*** Opening DATA TO EXAMINE ***

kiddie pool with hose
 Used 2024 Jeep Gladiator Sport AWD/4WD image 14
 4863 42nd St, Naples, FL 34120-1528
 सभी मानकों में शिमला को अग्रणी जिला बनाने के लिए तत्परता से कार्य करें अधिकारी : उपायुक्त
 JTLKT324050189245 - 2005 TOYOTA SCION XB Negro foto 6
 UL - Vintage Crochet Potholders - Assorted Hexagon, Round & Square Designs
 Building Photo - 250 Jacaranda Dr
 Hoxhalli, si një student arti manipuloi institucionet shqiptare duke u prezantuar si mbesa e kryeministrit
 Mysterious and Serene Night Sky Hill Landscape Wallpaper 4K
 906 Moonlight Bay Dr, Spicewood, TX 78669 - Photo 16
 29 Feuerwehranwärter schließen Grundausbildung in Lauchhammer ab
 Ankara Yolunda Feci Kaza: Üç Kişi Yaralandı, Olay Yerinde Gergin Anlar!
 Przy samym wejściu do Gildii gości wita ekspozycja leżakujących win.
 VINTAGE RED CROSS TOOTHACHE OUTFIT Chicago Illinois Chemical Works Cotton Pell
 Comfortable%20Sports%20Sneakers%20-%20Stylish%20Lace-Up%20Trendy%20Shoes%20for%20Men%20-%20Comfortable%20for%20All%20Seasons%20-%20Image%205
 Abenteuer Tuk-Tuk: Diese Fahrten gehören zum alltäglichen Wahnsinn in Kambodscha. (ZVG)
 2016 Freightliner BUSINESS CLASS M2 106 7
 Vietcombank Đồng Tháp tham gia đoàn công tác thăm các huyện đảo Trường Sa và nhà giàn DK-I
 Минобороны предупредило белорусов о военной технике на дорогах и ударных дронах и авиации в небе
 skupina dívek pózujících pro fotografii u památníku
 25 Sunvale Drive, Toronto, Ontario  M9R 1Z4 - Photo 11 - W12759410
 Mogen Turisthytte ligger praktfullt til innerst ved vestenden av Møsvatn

*** Closing DATA TO EXAMINE ***

WHAT NEEDS TO BE DONE: Write out the records in full, exactly as they appear above.

ANSWER SPACE:
kiddie pool with hose
 Used 2024 Jeep Gladiator Sport AWD/4WD image 14
 4863 42nd St, Naples, FL 34120-1528
 सभी मानकों में शिमला को अग्रणी जिला बनाने के लिए तत्परता से कार्य करें अधिकारी : उपायुक्त
 JTLKT324050189245 - 2005 TOYOTA SCION XB Negro foto 6
 UL - Vintage Crochet Potholders - Assorted Hexagon, Round & Square Designs
 Building Photo - 250 Jacaranda Dr
 Hoxhalli, si një student arti manipuloi institucionet shqiptare duke u prezantuar si mbesa e kryeministrit
 Mysterious and Serene Night Sky Hill Landscape Wallpaper 4K
 906 Moonlight Bay Dr, Spicewood, TX 78669 - Photo 16
 29 Feuerwehranwärter schließen Grundausbildung in Lauchhammer ab
 Ankara Yolunda Feci Kaza: Üç Kişi Yaralandı, Olay Yerinde Gergin Anlar!
 Przy samym wejściu do Gildii gości wita ekspozycja leżakujących win.
 VINTAGE RED CROSS TOOTHACHE OUTFIT Chicago Illinois Chemical Works Cotton Pell
 Comfortable%20Sports%20Sneakers%20-%20Stylish%20Lace-Up%20Trendy%20Shoes%20for%20Men%20-%20Comfortable%20for%20All%20Seasons%20-%20Image%205
 Abenteuer Tuk-Tuk: Diese Fahrten gehören zum alltäglichen Wahnsinn in Kambodscha. (ZVG)
 2016 Freightliner BUSINESS CLASS M2 106 7
 Vietcombank Đồng Tháp tham gia đoàn công tác thăm các huyện đảo Trường Sa và nhà giàn DK-I
 Минобороны предупредило белорусов о военной технике на дорогах и ударных дронах и авиации в небе
 skupina dívek pózujících pro fotografii u památníku
 25 Sunvale Drive, Toronto, Ontario  M9R 1Z4 - Photo 11 - W12759410
 Mogen Turisthytte ligger praktfullt til innerst ved vestenden av Møsvatn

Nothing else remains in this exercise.